Provide an input string with less than 50 characters and only containing a-z or A-Z:
AACCCCCGTTTTTTTTTTTTTTAAAabbcd
The compressed string is:
A2C5GT9T5A3ab2cd
The compression ratio is 1.875.

Your program must have at least one procedure call with at least one save/restore of a register, while following the save/restore conventions. Before you start, go through the MARS overview in detail. For example, the code on page 7 and 8 will be useful as you go about allocating space for an array of characters and reading a string. For reference, here is an ASCII table.

Pattern Prediction (70 points):
In this problem, you will be given a string of 0's and 1's as input. Using the algorithm below, your program will predict the next bit in the string. Given an input string, your program will first scan the string to train itself, culminating in a prediction of the next bit. The training is done with an array of 32 counters with values between 0 and 7. All 32 counters are initialized to the value 4. Let's take the following 24-bit input string as an example to explain the algorithm:

Bit value	1	1	1	0	1	1	1	0	1	1	1	0	1	1	1	0	1	1	1	0	1	1	1	0
Bit-id	0	1	2	3	4	5	6	7	8	9	10	11	12	13	14	15	16	17	18	19	20	21	22	23

This string is a recurring pattern of 1110, so it should be easy for us humans to guess that the next bit should be a 1. The algorithm starts its training from bit-id 4. It looks at the prior 5 bits (in this case, 11101) and converts that 5-bit binary number into a decimal number (in this case, 29). It then looks at bit-id 5. If bit-id 5 is 1, then (in this case) it increments counter[29]; if bit-id 5 is 0, then it decrements counter[29]. These are "saturating" increments and decrements, i.e., if the counter was already at 7, the increment operation should keep it at 7, and if the counter was already at 0, a decrement operation should keep it at 0. Note that counter[29]'s value is being trained to remember the common-case next bit -- if counter[29] is a high value (greater than 3), then the model thinks the next bit after sequence 11101 (the number 29) will be 1 -- if counter[29] is a low value (less than 4), then the model thinks the next bit after sequence 11101 will be 0.
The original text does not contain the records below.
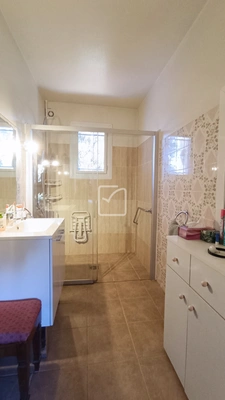 Grande maison de plain pied. 14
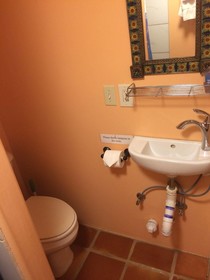 SnowMansion Eco Adventure Lodge & Hostel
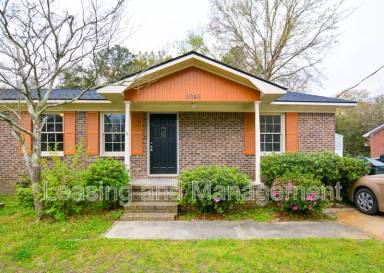 Main picture of 1045 Harbor View Rd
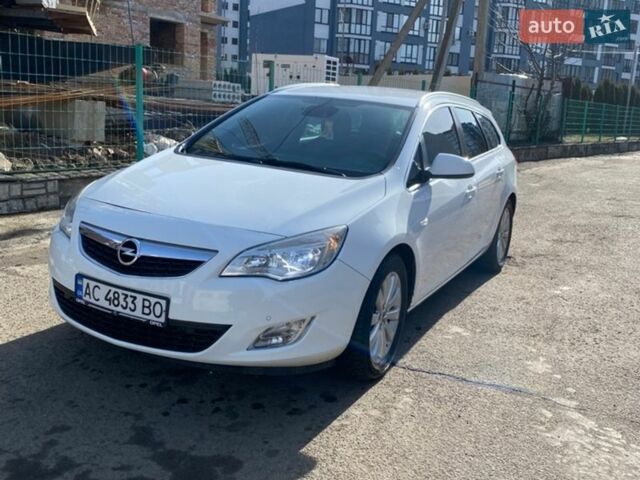 Белый Опель Астра, объемом двигателя 1.3 л и пробегом 270 тыс. км за 5200 $, фото 1 на Automoto.ua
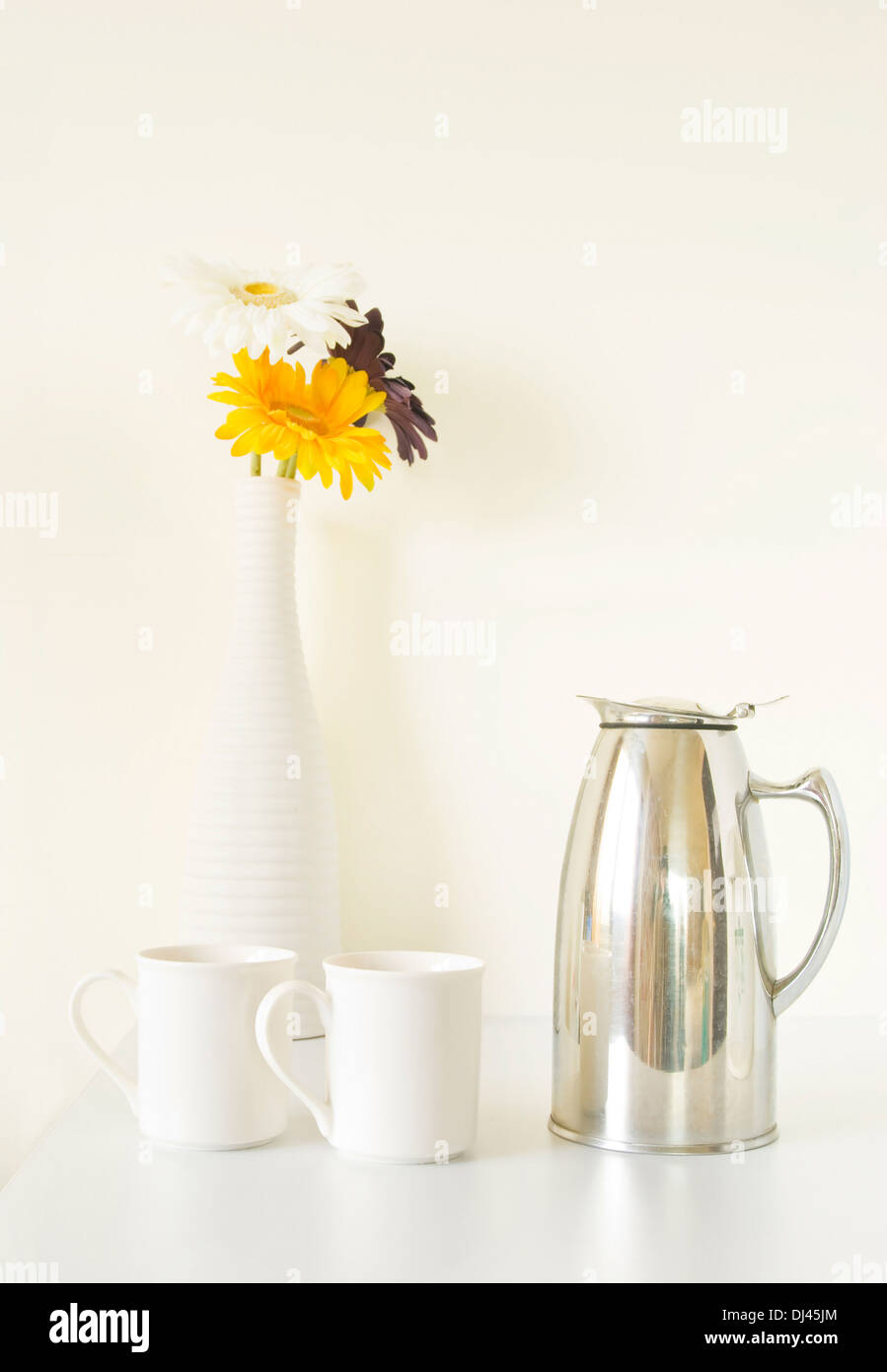 Weiße Tassen-Set und Vase auf weißen Tisch Stockfoto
After this first training step, the algorithm advances to bit-id 5. It looks at the prior 5 bits (in this case, 11011), converts it into a decimal number (27), uses that number to index the counter array (accesses counter[27]), and examines bit-id 6 to decide whether to increment/decrement that counter (in this case, bit-id 6 is 1, so counter[27] is incremented).

This training repeats until we reach the end of the string, i.e., as soon as the next bit-id is not 0 or 1, we switch from training to prediction. In the above example, this happens when we reach bit-id 23. So we look at the last 5 bits (bit-id 19-23, which in this case is 01110) and convert it to a decimal number (14 in this case). That decimal number is used to index our array (in this case, we'll examine counter[14]). If counter[index] is greater than 3, we print our predicted next bit as 1. If counter[index] is less than 4, we print our predicted next bit as 0.

Note that the program accepts the input as a string. You will need code to convert a string of 0 and 1 characters into a number when generating the index. We will not feed your program with invalid inputs, i.e., the input string will only have 0 or 1, and the input string length will remain between 6 and 100. A correct implementation of the above algorithm will do a decent job detecting most recurring patterns that are shorter than 6 characters.

While it was laborious to read this question, you have learned an important computer hardware concept. Modern processors use variants of this algorithm to identify patterns and make predictions about future behavior, e.g., whether a conditional branch will be true or false. We will study this further when we get to Branch Predictors.